Larson treats his characters much like he treats the events--very evenhandedly. We get so many details about a person and a wonderful sense of character, yet they're still held at arms' length. I never feel any real attachment for Burnham or Holmes, yet I'm deeply attached to understanding how the characters connect with one another (not between those two, but between each and his respective group). I liked learning how cantankerous the architects could be with each other--that dynamic was really interesting. Perhaps that's what the book is about--dynamics. I guess he says it at the beginning: "In the end it is a story of the ineluctable conflict between good and evil, daylight and darkness, the White City and the Black" (xi).  But I was puzzled as to why Larson is so keen on explaining that every quotation comes from "a letter, memoir, or other written document" (xi) because even if he's not inventing what was spoken, it seems to me he's inventing emotion, thoughts, and body language. It gave the characters a strange feel--again, like we're held at arms length. We're allowed to see them up close, but we're never allowed to really hear them. Just a few places where I noted the narrator blatantly giving us a character's emotion: "But this night he felt ill at ease, a choirboy among cardinals" (80), "Now and then he and Burnham caught each other's glances" (95); "She gripped his hand more tightly, which he found singularly engrossing" (148); and, of course, Anna in the chamber: "As she considered this, she became a bit frightened. The room had grown substantially warmer. Catching a clean breath was difficult. And she needed a bathroom" (295). I absolutely love this moment in the book because for once we ARE inside a character's head, right there with her, feeling what she's feeling. It's tense and gripping. But then there's that question: How could he possibly know what was going through her mind? And does he feel it's okay to speculate here because it's so obvious that he's speculating, because she dies in the next few minutes? The other moments could be said to have been extrapolated from his extensive research, but here is a truly impossible moment, which makes me believe that the other moments are equally invented on his part.

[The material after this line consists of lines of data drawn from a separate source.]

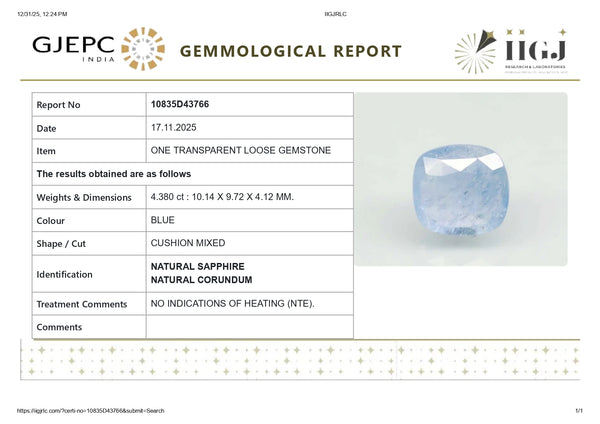 Natural Blue Sapphire (Neelam) 4.38 Carats - Media 5
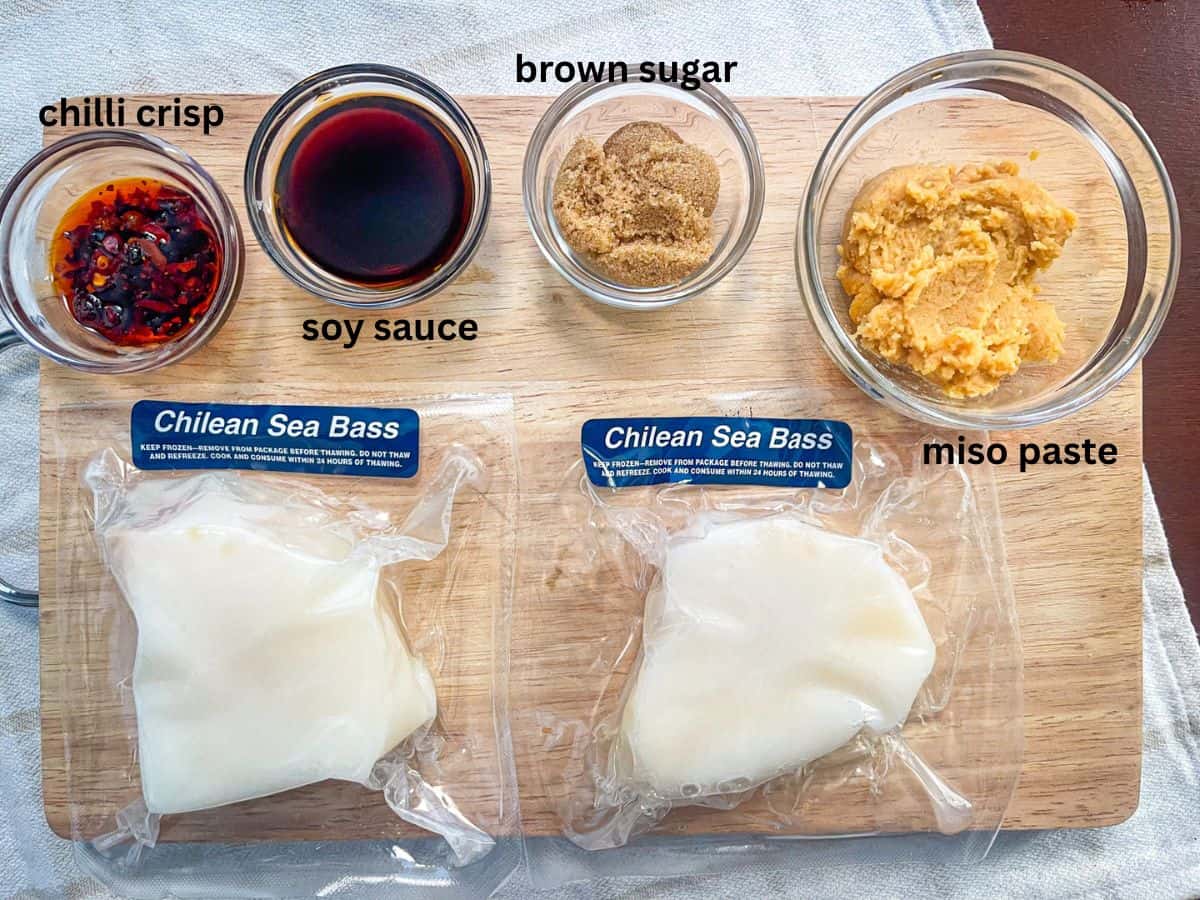 Ingredients for miso sea bass laid out on a table.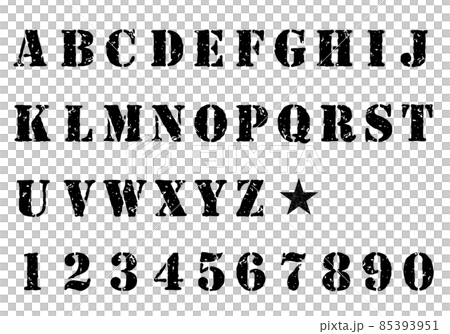 ステンシル文字セット（英語）フォントのイラスト素材 [85393951] - PIXTA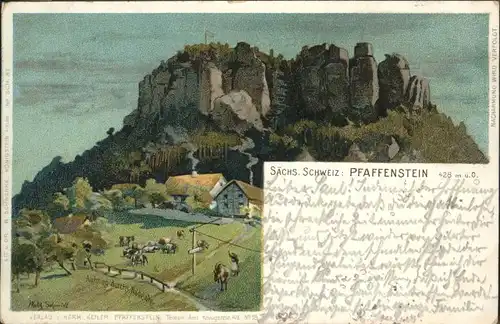 Pfaffenstein Koenigstein Saechsische Schweiz Kuenstler W. Schmidt / Koenigstein Saechsische Schweiz /Saechsische Schweiz-Osterzgebirge LKR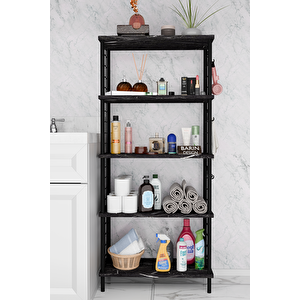 5 Raflı Çevir-kur Raf Ünitesi | Telli Metal Gövdeli Organizer | Banyo, Mutfak, Balkon, Antre Uyumlu Siyah Mermer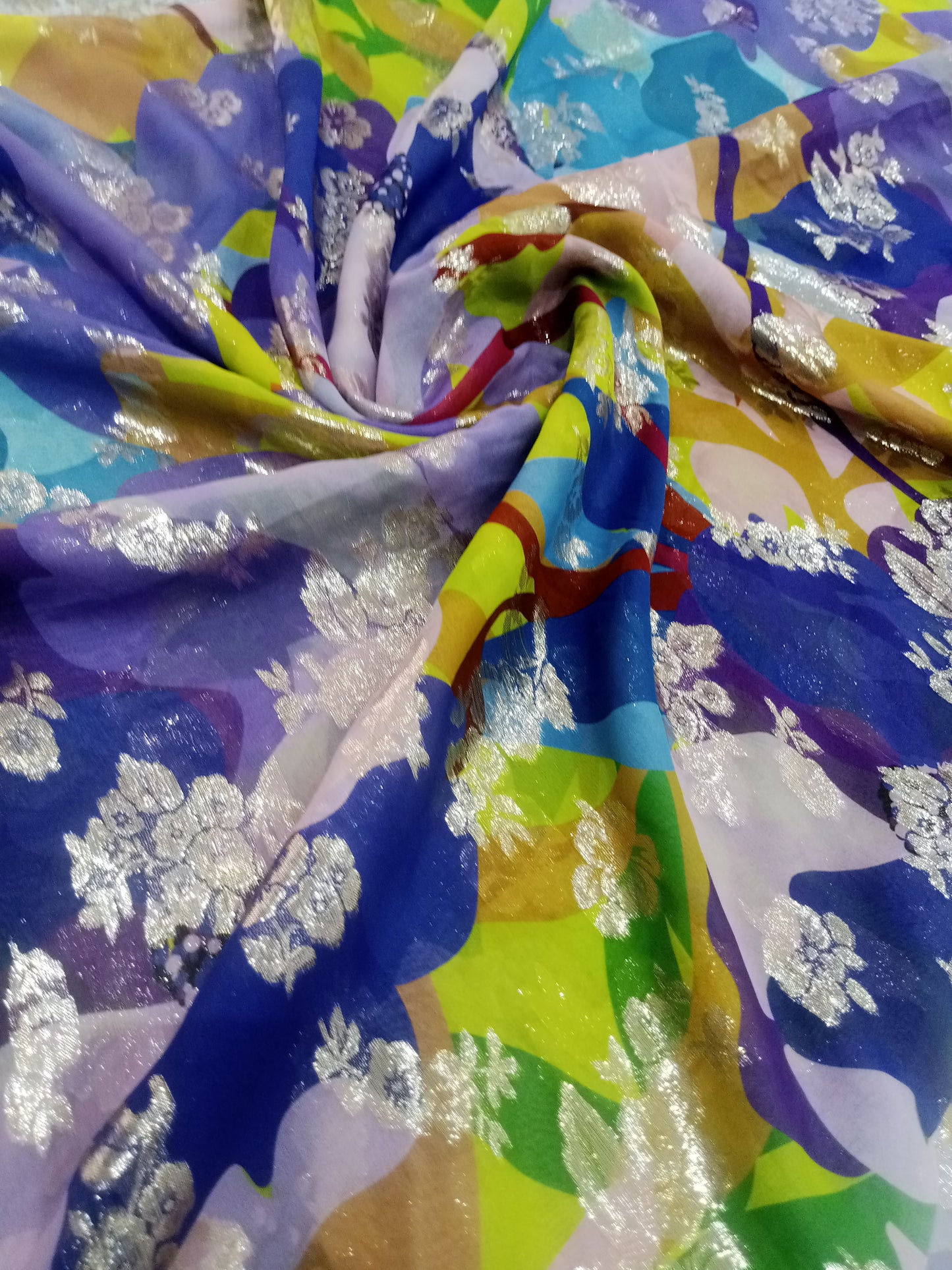 Printed silk shiffon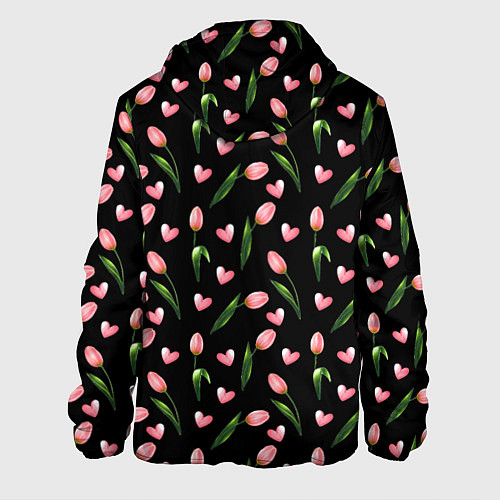 Мужская куртка Тюльпаны и сердечки на черном - паттерн / 3D-Черный – фото 2
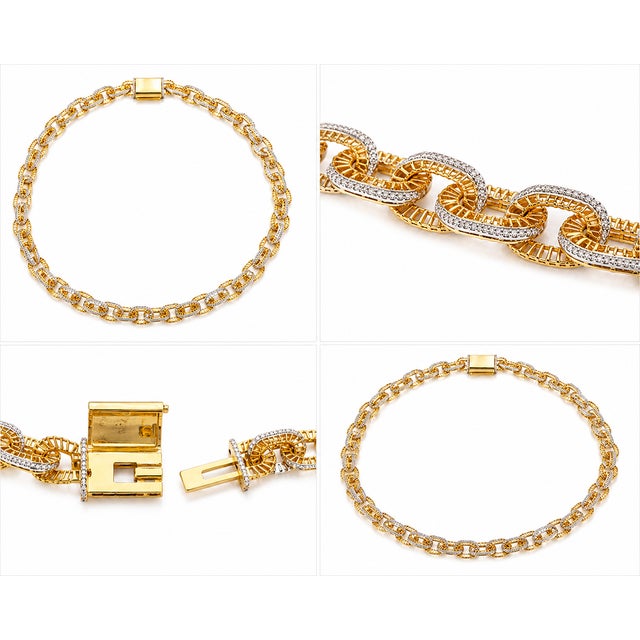 10k Yellow Gold 7 5/8 CTW Natural Diamond Designer Link Necklace, 24 In. For Sale - Image 4 of 8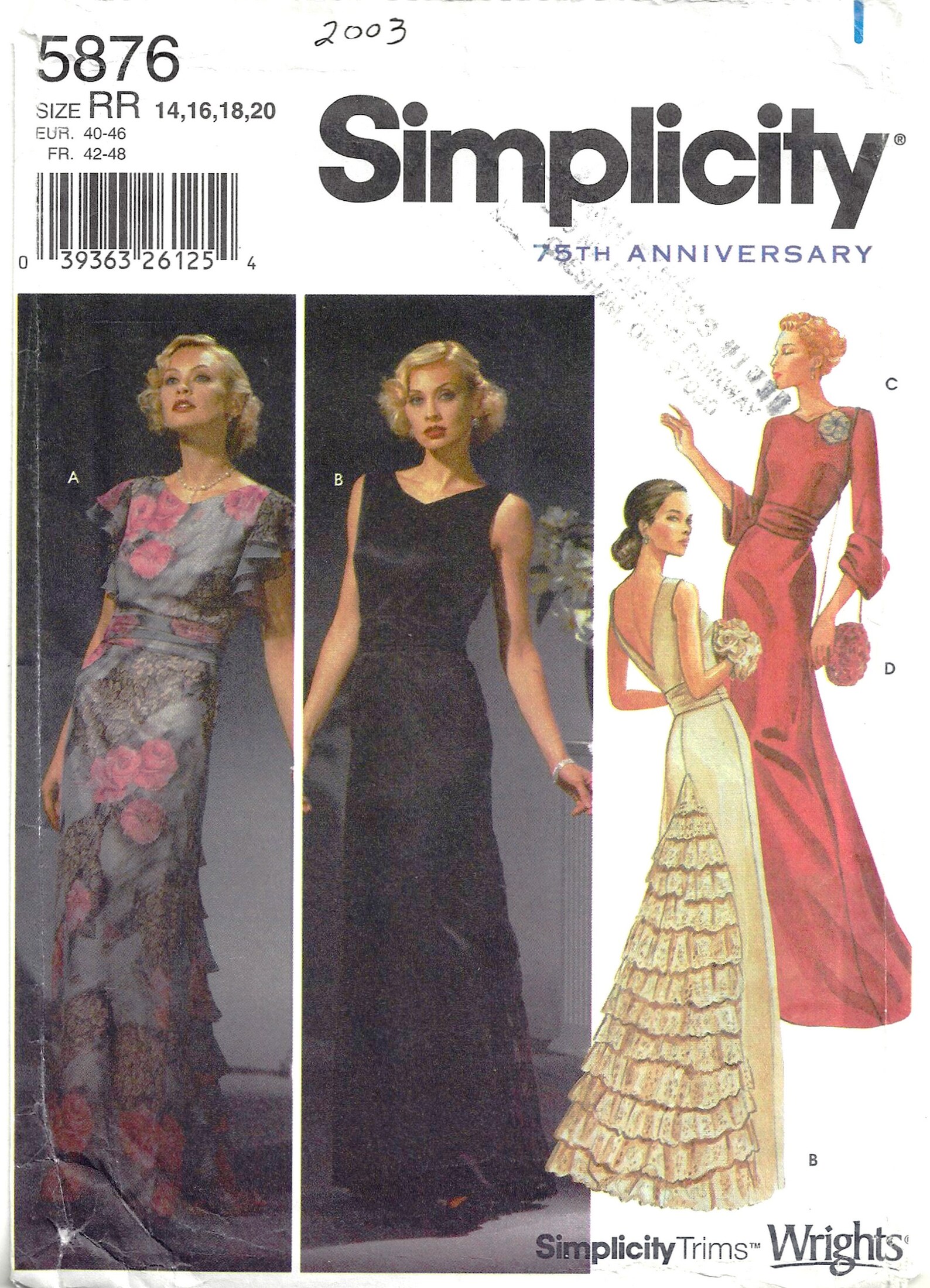 Simplicity 5876 Sewing Pattern Misses Evening Dress With Ruffle and ...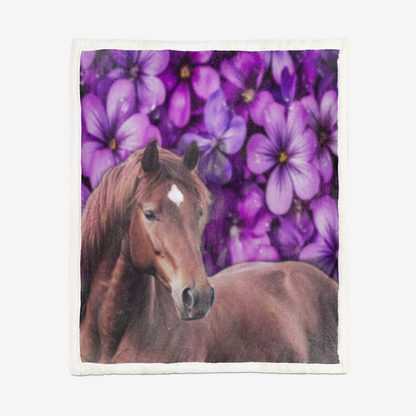 J4050 Double-Sided Super Soft Plush Blanket-Chestnut Horse-Pink Flowers
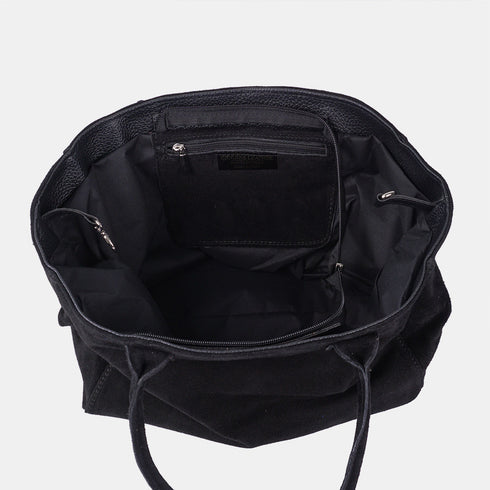 Mala shopper em pele de camurça extensível e personalizável preta Aurora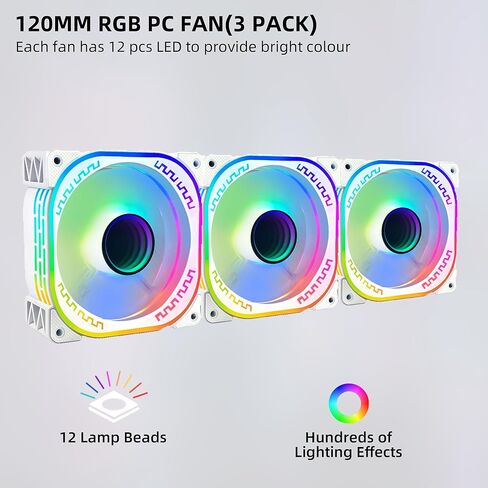 120mm RGB Case Fans 12V Quiet Gaming PC Computer LED CPU Cooler Chassis Fans with Adjustable Color Controlled by Remote 3-Pack Black in Kuwait
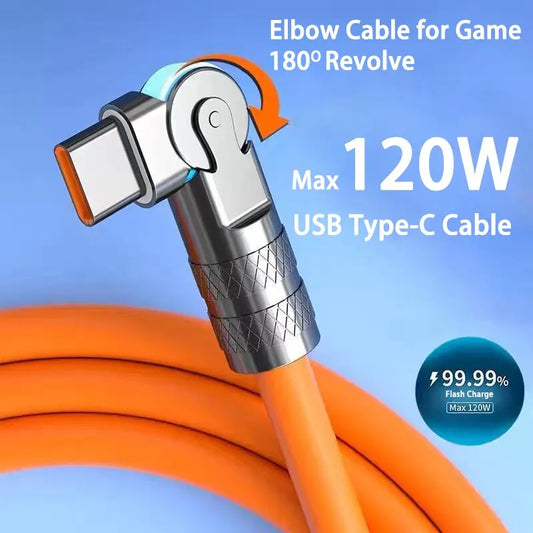 120W USB C Cable – 7A fast charge, 180-degree rotation elbow, rapid data transfer. Compatible with Xiaomi Redmi, Honor phones. Durable TPE material for long-lasting performance. Available on FTFmarket.net, fast delivery in the UK. Stay powered with FTF Fashion.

I personally don't have issue with this; to me he didn't really cross any line. But I think it's interesting that he seems a little hypocritical in his intro, breaking rules he seems to be such a stickler for. And as I continue on in my own journey of deciding when and if I should embellish, it's interesting to look at different examples of how people do it, and how they get away with it.



Sunday, October 9, 2011

______ to be an American.

It's seems appropriate to me to respond to these readings together this week. Fallows' article serves as an in-depth analytical look not so much at the "problem" with America, but the problem with how we perceive the problem. Fallows' article helped illuminate our nation's long obsession with the "jeremiad," how, at times, we've been a country whose leaders hold people rapt with with an overwrought list of things that are wrong, and uses the dramatization to evoke a sense of camaraderie. The trendy question seems to be (and we're in this trend now), "is America finally going to hell?" Fallows asks:
Are the fears of this moment our era’s version of the “missile gap”? Are they anything more than a combination of the two staple ingredients of doom-and-darkness statements through the whole course of our history?
What is obvious from outside the country is how exceptional it is in its powers of renewal: America is always in decline, and is always about to bounce back.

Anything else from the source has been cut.